**EXTRACTED RECORDS**:
::::::::

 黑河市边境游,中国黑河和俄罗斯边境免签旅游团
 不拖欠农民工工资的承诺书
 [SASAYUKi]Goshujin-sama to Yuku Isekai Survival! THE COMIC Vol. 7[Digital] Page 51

::::::::

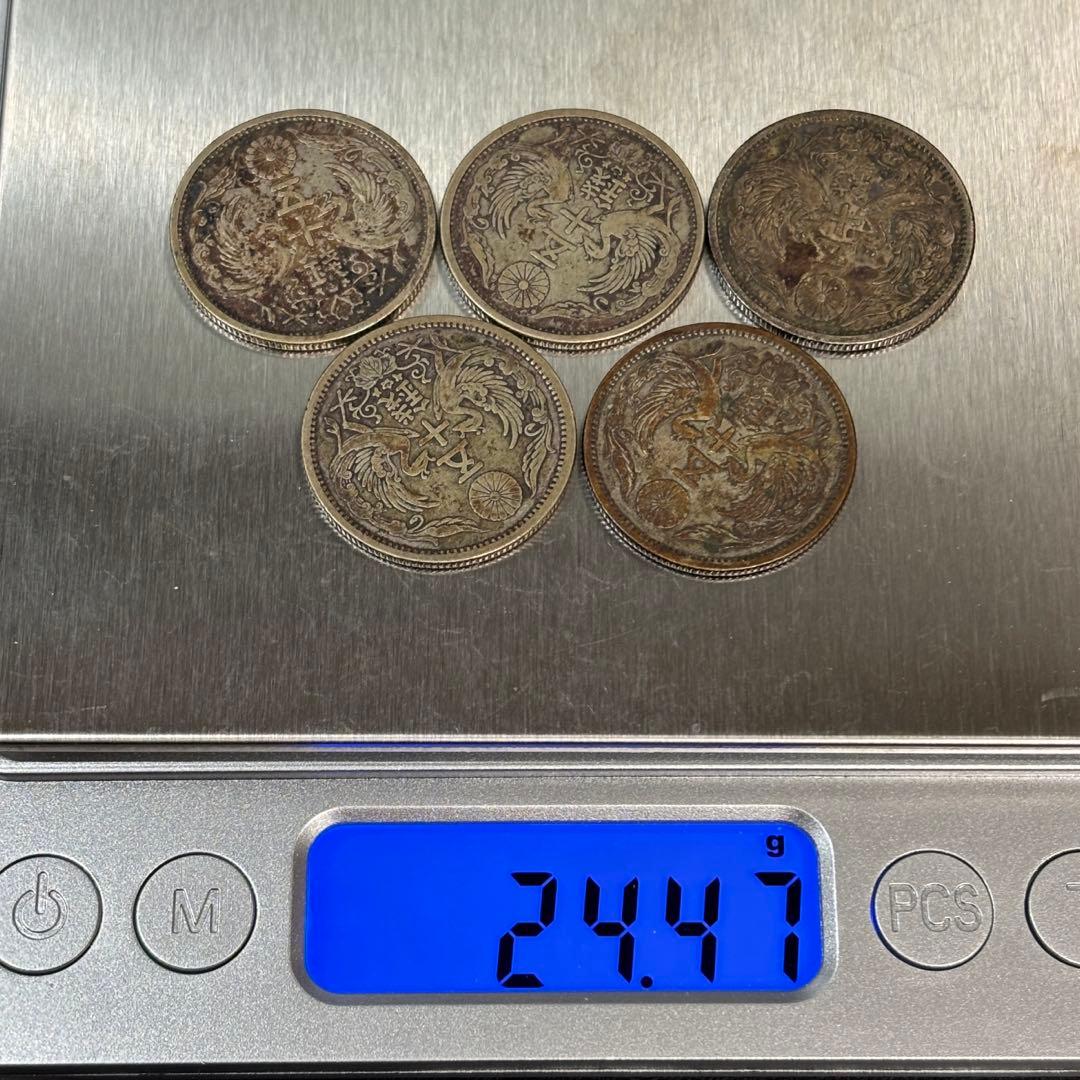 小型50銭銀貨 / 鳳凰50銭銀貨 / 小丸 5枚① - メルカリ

::::::::

**ASSIGNED TASK**:
As the answer, set down only the lines from the data above between the one holding "黑河市边境游,中国黑河和俄罗斯边境免签旅游团" and the one holding "[SASAYUKi]Goshujin-sama to Yuku", inclusive, exactly as they read.

**SOLUTION TO THE PROBLEM**:
 黑河市边境游,中国黑河和俄罗斯边境免签旅游团
 不拖欠农民工工资的承诺书
 [SASAYUKi]Goshujin-sama to Yuku Isekai Survival! THE COMIC Vol. 7[Digital] Page 51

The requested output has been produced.